## Exercise inputs
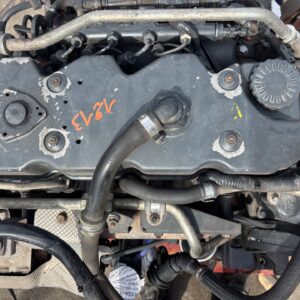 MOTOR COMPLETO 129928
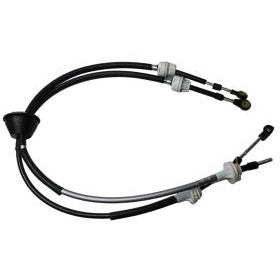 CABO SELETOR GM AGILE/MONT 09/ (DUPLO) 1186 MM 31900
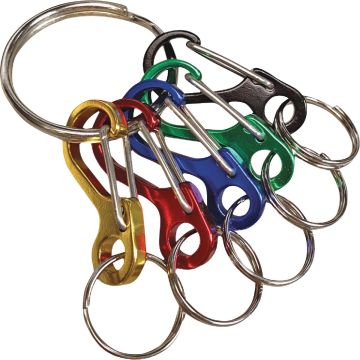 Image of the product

* * *

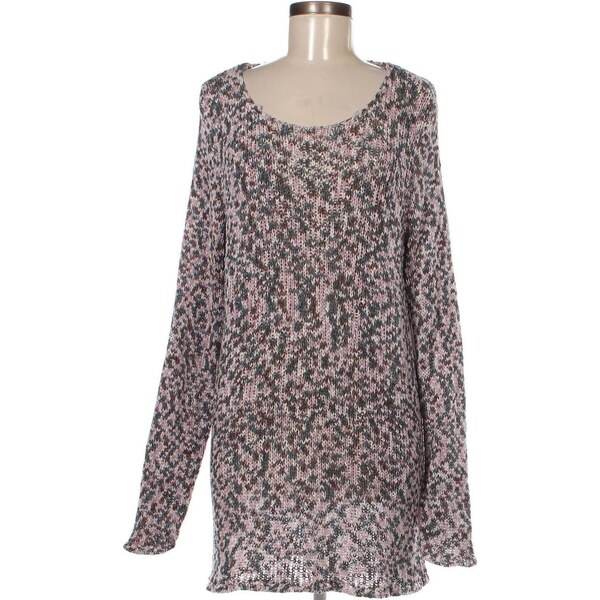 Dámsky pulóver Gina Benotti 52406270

## Exercise brief
Could you transcribe exactly the entries above, but only the lines from the one with "MOTOR COMPLETO 129928" through the one with "Image of the product", and without pictures?

## Answer for this exercise
 MOTOR COMPLETO 129928
 CABO SELETOR GM AGILE/MONT 09/ (DUPLO) 1186 MM 31900
 Image of the product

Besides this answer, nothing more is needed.